Schick v. Warren Mortgage Co.

82 Kan. 90 | Kan. | 1910

The opinion of the court was delivered by

Gbaves, J.:

The appellant contends that the court by its instructions committed serious error and practically directed a verdict for the plaintiff. The instructions complained of read:

“The defendant further claims that the plaintiff’s $4000 mortgage by its terms was to be a first mortgage upon said land, and that to make the same a first mortgage it was necessary that all liens and encumbrances then upon said land be paid off and discharged of record. And so if the jury shall find from the evidence in this case that the defendant remitted to said Parrish the $2500, with the direction or intention that said Parrish should pay pff all prior encumbrances on said Butler county land, so that the mortgage given to the defendant by the plaintiff should become a first lien on said land, then the said Parrish would be in law the agent of the defendant in receiving said $2500.
“The slips of paper which have been introduced in evidence and which have been called ‘authorization slips,’ purport upon their face to constitute said Parrish the agent of the plaintiff to receive the proceeds of the loan and to pay. off encumbrances, etc., and the signing thereof not being denied by the plaintiff in his pleadings, the execution thereof is admitted; under the issues made by the pleadings in the case, however, the jury are not bound by said slips as to whether the plaintiff in fact constituted said Parrish his agent for the purpose recited therein, but the question of agency is to be determined by you from all the facts and circumstances of the case, and in doing this it is your duty to go behind the technical wording of the instrument and from the entire evidence determine as a matter of fact the question of agency; the parties to a contract can not irrevocably fix the status of a third party in *94his relation to them by calling him an agent of one of them, if the facts and circumstances show that such was not the fact.”
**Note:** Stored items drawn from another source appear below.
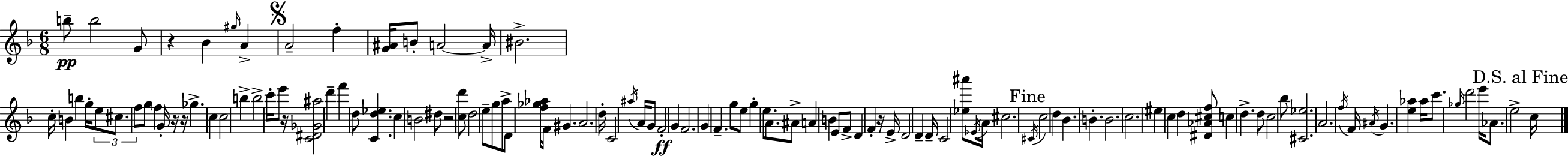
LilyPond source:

{
  \clef treble
  \numericTimeSignature
  \time 6/8
  \key f \major
  b''8--\pp b''2 g'8 | r4 bes'4 \grace { gis''16 } a'4-> | \mark \markup { \musicglyph "scripts.segno" } a'2-- f''4-. | <g' ais'>16 b'8-. a'2~~ | \break a'16-> bis'2.-> | c''16-. b'4 b''4 g''16-. \tuplet 3/2 { e''8 | cis''8. f''8 } g''8 \parenthesize f''4 | g'16-. r16 r16 ges''4.-> c''4 | \break c''2 b''4-> | b''2-> c'''16-. e'''8 | r16 <c' dis' ges' ais''>2 d'''4-- | f'''4 d''8 <c' d'' ees''>4. | \break c''4 b'2 | dis''8 r2 <c'' d'''>8 | d''2 e''8-- g''8 | a''8-> d'8 <f'' ges'' aes''>16 f'16 gis'4. | \break a'2. | d''16-. c'2 \acciaccatura { ais''16 } a'16 | g'8 f'2-.\ff g'4 | f'2. | \break g'4 f'4.-- | g''8 e''8 g''4-. e''8. a'8. | ais'8-> a'4 b'4 | e'8 f'8-> d'4 f'4-. | \break r16 e'16-> d'2 d'4-- | d'16-- c'2 <ees'' ais'''>8 | \acciaccatura { ees'16 } a'16 cis''2. | \mark "Fine" \acciaccatura { cis'16 } c''2 | \break d''4 bes'4. b'4.-. | b'2. | c''2. | eis''4 c''4 | \break d''4 <dis' aes' cis'' f''>8 c''4 d''4.-> | d''8 c''2 | bes''8 <cis' ees''>2. | a'2. | \break \acciaccatura { f''16 } f'16 \acciaccatura { ais'16 } g'4. | <e'' aes''>4 aes''16 c'''8. \grace { ges''16 } d'''2 | e'''16 aes'8. e''2-> | \mark "D.S. al Fine" c''16 \bar "|."
}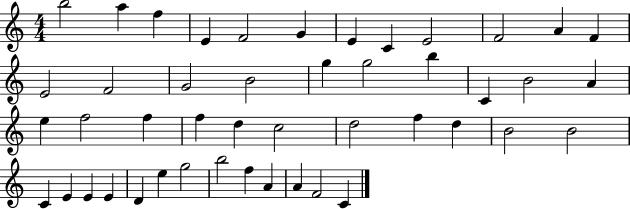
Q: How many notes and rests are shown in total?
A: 46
We concur in the criticism made upon these instructions by the appellant. It will be seen that while the general theory of the court was that the question of agency was one of fact to be determined upon all the facts and circumstances shown by the evidence, the jury were limited to the contents of a letter from the appellant to Parrish, about which there was no contention. This left the jury no alternative. It was bound to find for the plaintiff. The letter mentioned in the instructions contained language specifically directing the payment and release of prior encumbrances. The general subject of the letter, however, related to business transactions having no connection whatever with the loan to the appellee. The reference made to this loan was merely incidental to the general purpose of the letter and contained suggestions that would naturally have been made to the appellee himself, being with reference to a matter in which they were mutually interested.

The appellant insists that the appellee, having in writing authorized and directed the payment of the money to Parrish as his agent, to be used in the release of the prior mortgage, the question of the agency of Parrish became one of law and not of fact. It does not appear, nor is it claimed, that the appellee was induced to execute this written authority on account of any fraud, mistake, misrepresentation or misunderstanding of any kind. On the contrary, it does appear that he executed the written paper freely and voluntarily and with full knowledge of the purpose for which it was to be used. While this and other circumstances were in evidence, they were excluded from the consid-. eration of the jury by the instructions of the court. If the theory of the court concerning the question of agency was correct, then it should have been submitted *95to the jury upon the whole evidence. This was not done. On the contrary, it was submitted upon a mere fragment of the evidence, which fragment was undisputed. In our view, therefore, the judgment must be reversed for this misdirection of the jury. This renders it unnecessary to consider the question whether the written authority given by the appellee to the appellant to pay the money to Parrish presented a question of law or not.

The judgment of the district court is reversed, with direction to grant the appellant a new trial.